To address the challenges of climate change and environmental impact, more than 130 countries have announced their net zero emissions target, with over 24 countries having established or introduced legislation to achieve the net zero goal by 2050. Increasing the power generation proportion from renewable energy sources has been the key topic for the carbon reduction research and development as well as current policy priority. Solar energy has been one of the critical players among renewable energy sources. With the government’s effort, Taiwan's solar power generation capacity increased from 1,109 GWh (million kWh) in 2016 to 6,095 GWh in 2020. However, Taiwan’s PV development is impacted by several geographical and environmental conditions, which include limited land area with a dense population, and the damp and humid weather conditions which also reduce the average solar radiation intensity. As such, the development of solar cells with higher efficiency has greater importance to power generation.
Currently, 90% of the solar cell market is crystalline silicon solar cell products with the majority being the p-type cell, and the average efficiency is about 18%. The PERC solar cell—which was derived from the p-type silicon solar cells—has more than 65% of the market share currently, with the highest conversion efficiency of about 22.6%.
The way solar cells generate power is by absorbing solar radiation in the absorption layer, which produces free electron-hole pairs. The current must be collected in external electrodes by the internal electric field before the electrons and holes are recombined. When the energy state density on the metal electrodes and silicon interfaces is high, it will accelerate the recombination rate of electrons and holes on the interface. This recombination effect of the interface between the crystalline silicon and metal electrode is the main reason why the conversion efficiency of traditional crystalline silicon cells and PERC cells has reached a bottleneck.
The Tunnel Oxide Passivated Contact (TOPCon) technology developed by ITRI can be regarded as the next generation of the PERC structure technology (Figure 1). The key to TOPCon technology is the integration of ultra-thin (1~1.5nm) tunneling silicon oxide and poly-silicon film stack as passivated contact to form a carrier-selective contact structure. The TOPCon design decreases the recombination effect and improves the conversion efficiency of the solar cells thanks to the tunneling effect and field effect.
Figure 1. TOPCon PV Structure Design
The TOPCon technology offers three advantages: it improves energy conversion efficiency, gives higher return on investment, and has a shorter payback time.

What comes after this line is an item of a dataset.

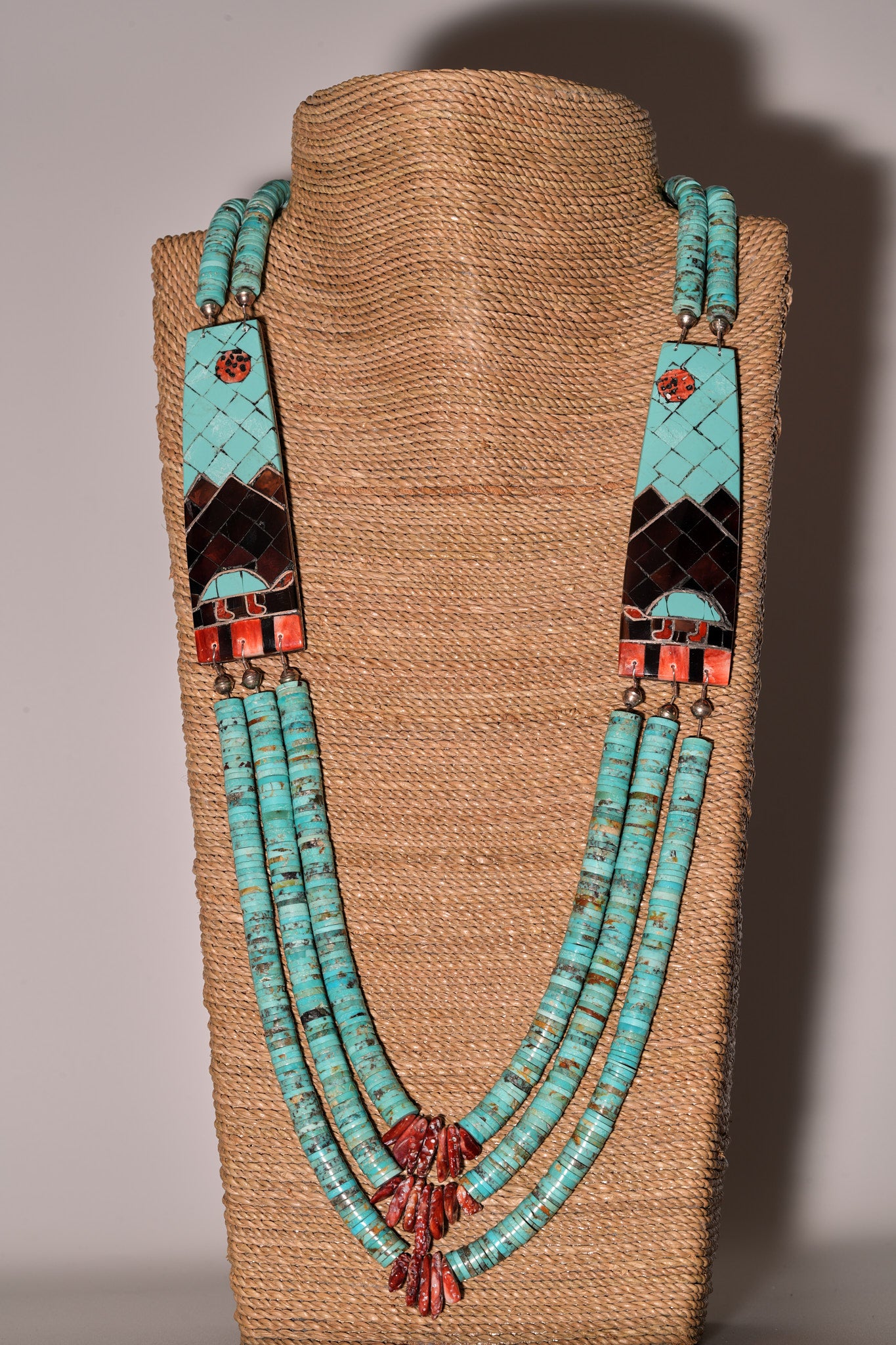 Heishe 3 strand necklace with turtles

The TOPCon cell efficiency reaches 23.5%, whereas the highest efficiency from the commercial PERC products is around 21.6~22.6%. Aside from newly installed solar cells, replacing outdated solar cells with high-efficiency TOPCon cells can save more than 4% of the land area. It can also enhance the power generation capacity during rainy days, and reduce the power attenuation by 3% at high temperatures, which is very suitable for Taiwan's climate. The TOPCon technology can be integrated directly into the existing mainstream PERC production lines. The integration of TOPCon technology only requires adding the Low Pressure Chemical Vapor Deposition (LPCVD) and sputtering process, without the need to revamp the entire production line. As such, the ROI for TOPCon technology is less than two years (Figure 2).
Regarding TOPCon technology, ITRI has been collaborating with Motech Industries Incorporation to establish a demonstration production line for TOPCon cells (Figure 3), and to connect the upstream, midstream and downstream firms to form a high-efficiency PV national team. It is expected that the TOPCon technology will elevate Taiwan’s PV industry and secure its global leadership position.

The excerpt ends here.